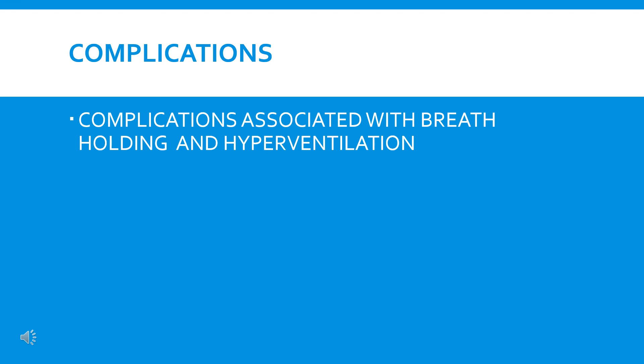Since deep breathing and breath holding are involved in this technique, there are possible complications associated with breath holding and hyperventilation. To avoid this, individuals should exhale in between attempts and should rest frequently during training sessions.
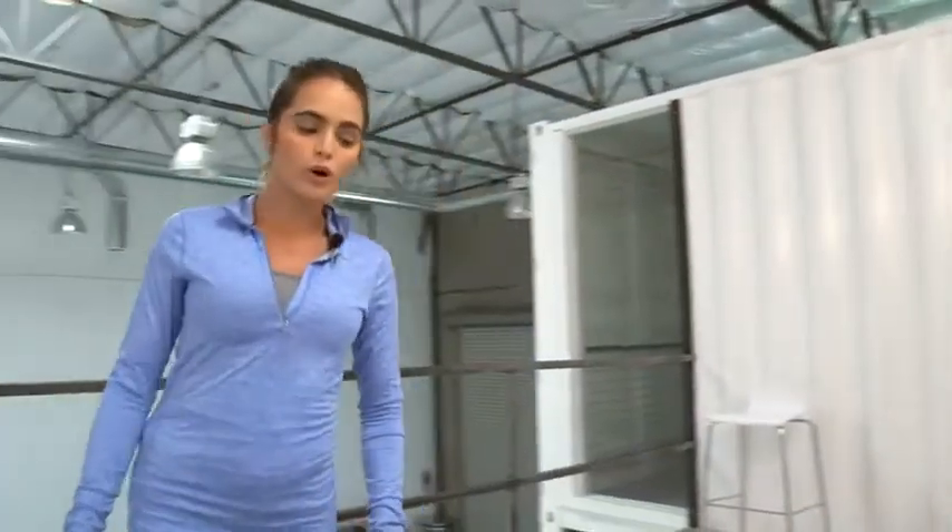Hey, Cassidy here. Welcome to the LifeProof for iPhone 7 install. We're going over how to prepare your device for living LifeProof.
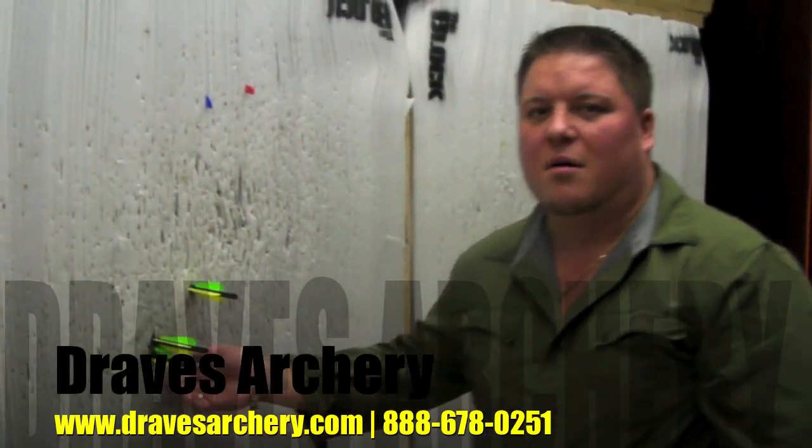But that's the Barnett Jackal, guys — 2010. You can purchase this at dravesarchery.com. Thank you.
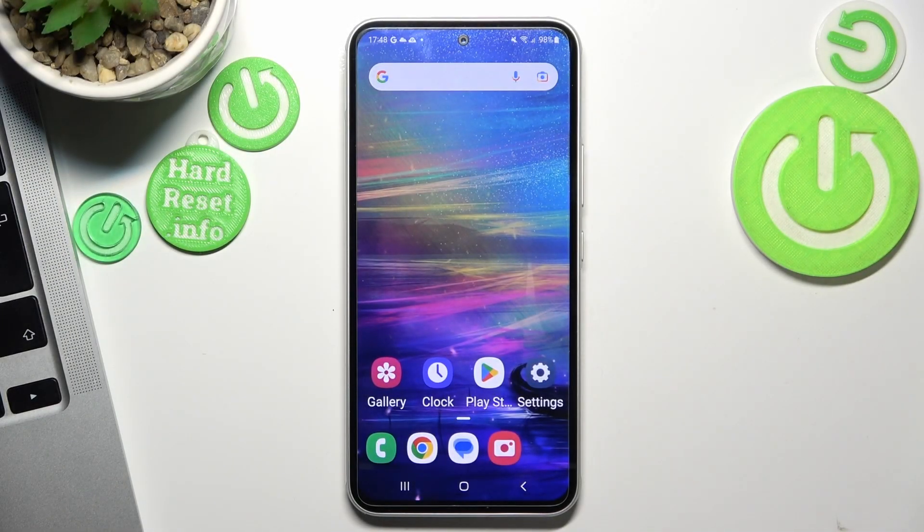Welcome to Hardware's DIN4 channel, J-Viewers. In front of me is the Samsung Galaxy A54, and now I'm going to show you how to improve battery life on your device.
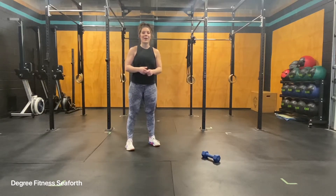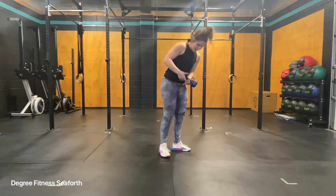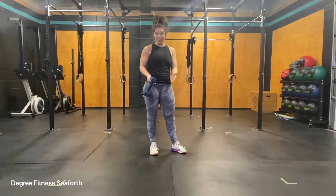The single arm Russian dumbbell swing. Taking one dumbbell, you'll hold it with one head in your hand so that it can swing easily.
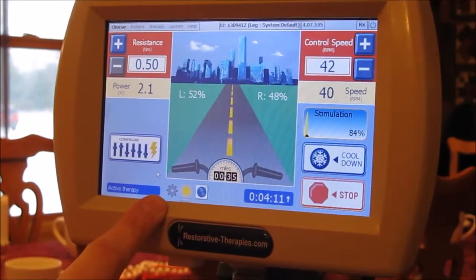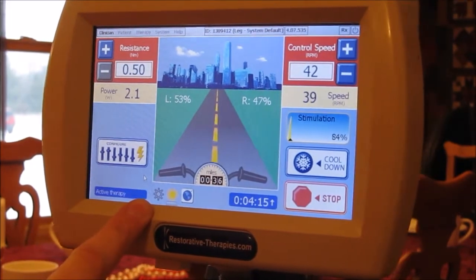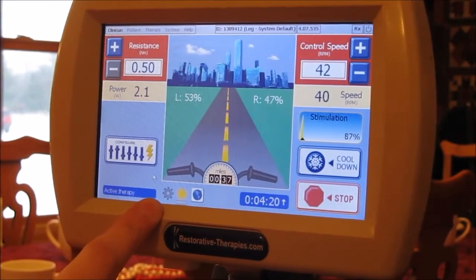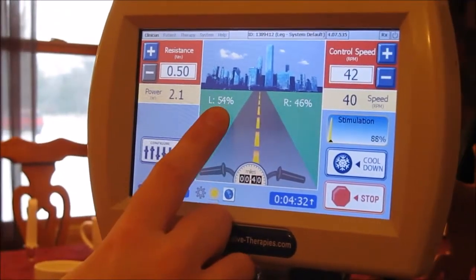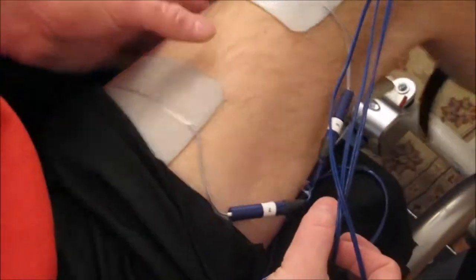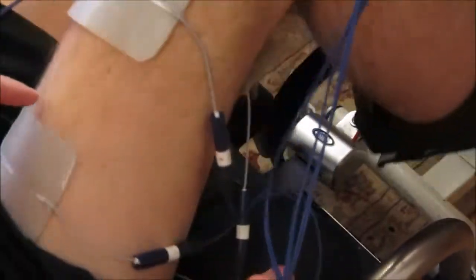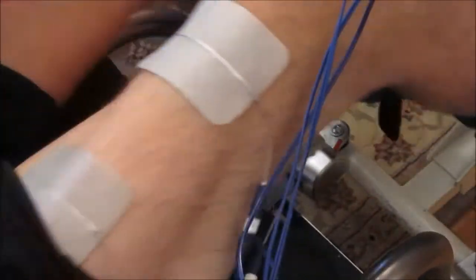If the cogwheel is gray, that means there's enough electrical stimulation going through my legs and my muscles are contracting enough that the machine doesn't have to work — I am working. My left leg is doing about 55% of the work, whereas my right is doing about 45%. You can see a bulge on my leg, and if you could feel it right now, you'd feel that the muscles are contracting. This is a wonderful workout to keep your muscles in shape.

* * *

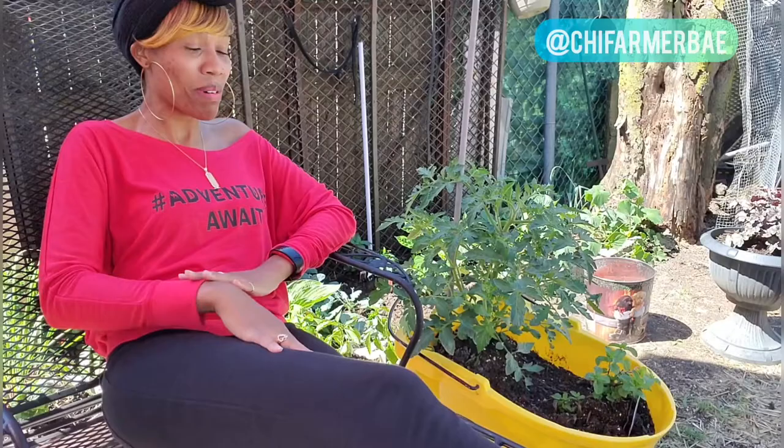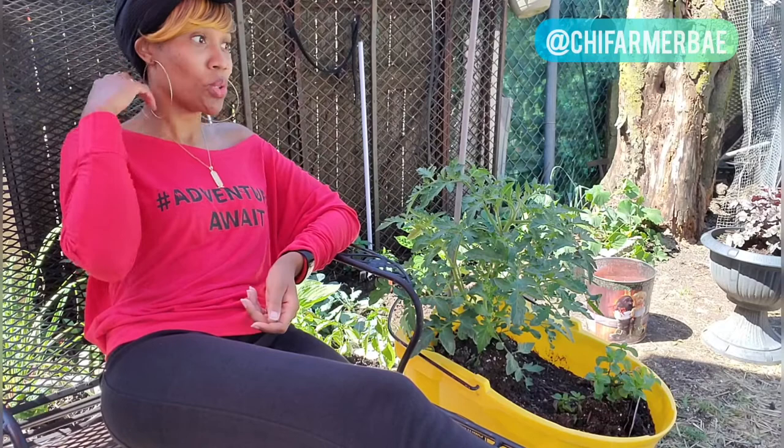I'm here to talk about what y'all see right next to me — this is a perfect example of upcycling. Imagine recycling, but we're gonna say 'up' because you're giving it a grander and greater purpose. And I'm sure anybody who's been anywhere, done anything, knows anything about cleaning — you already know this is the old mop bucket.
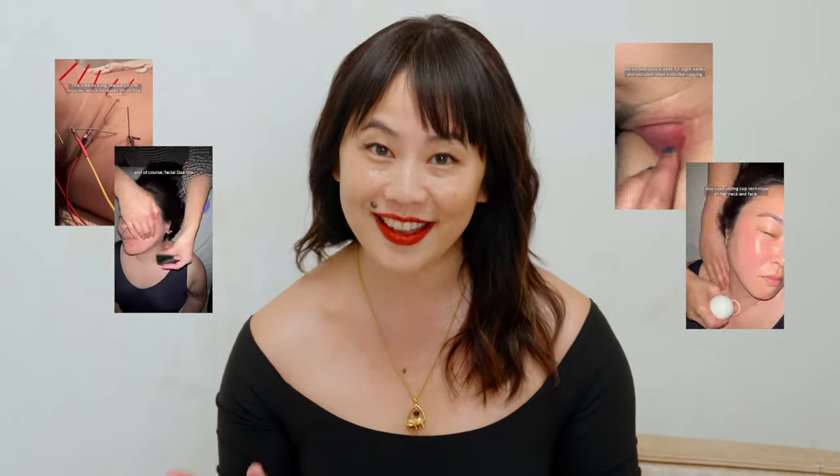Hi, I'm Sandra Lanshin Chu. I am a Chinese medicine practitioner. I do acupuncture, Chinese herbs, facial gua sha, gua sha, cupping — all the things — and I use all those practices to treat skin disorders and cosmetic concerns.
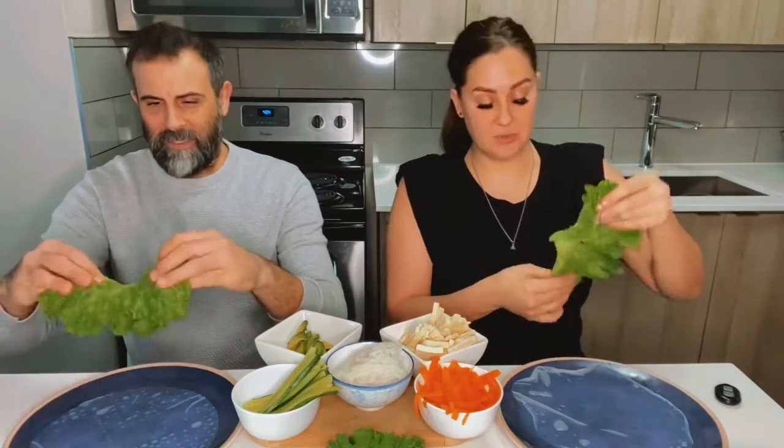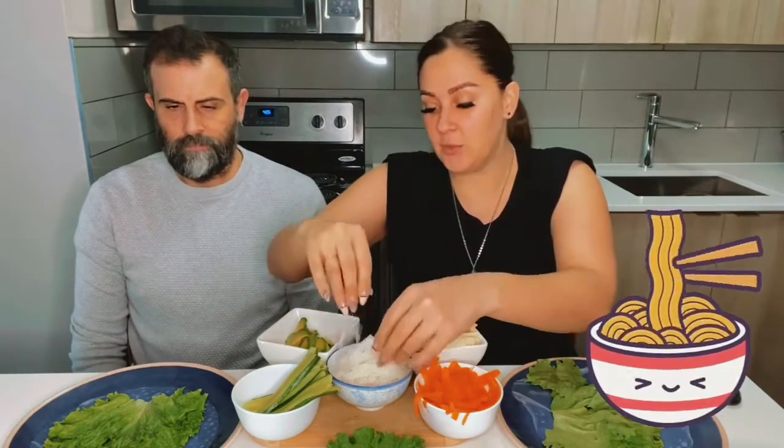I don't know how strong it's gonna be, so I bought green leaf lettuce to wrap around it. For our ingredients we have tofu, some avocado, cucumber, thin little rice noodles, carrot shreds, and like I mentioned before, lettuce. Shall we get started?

> **YOUR TASK**: Using the entries above, transcribe every line from the line containing "Hey, Cassidy here." through the line containing "The single arm". Do not copy pictures.

> **ANSWER BOX**:
Hey, Cassidy here. Welcome to the LifeProof for iPhone 7 install. We're going over how to prepare your device for living LifeProof.
But that's the Barnett Jackal, guys — 2010. You can purchase this at dravesarchery.com. Thank you.
Welcome to Hardware's DIN4 channel, J-Viewers. In front of me is the Samsung Galaxy A54, and now I'm going to show you how to improve battery life on your device.
The single arm Russian dumbbell swing. Taking one dumbbell, you'll hold it with one head in your hand so that it can swing easily.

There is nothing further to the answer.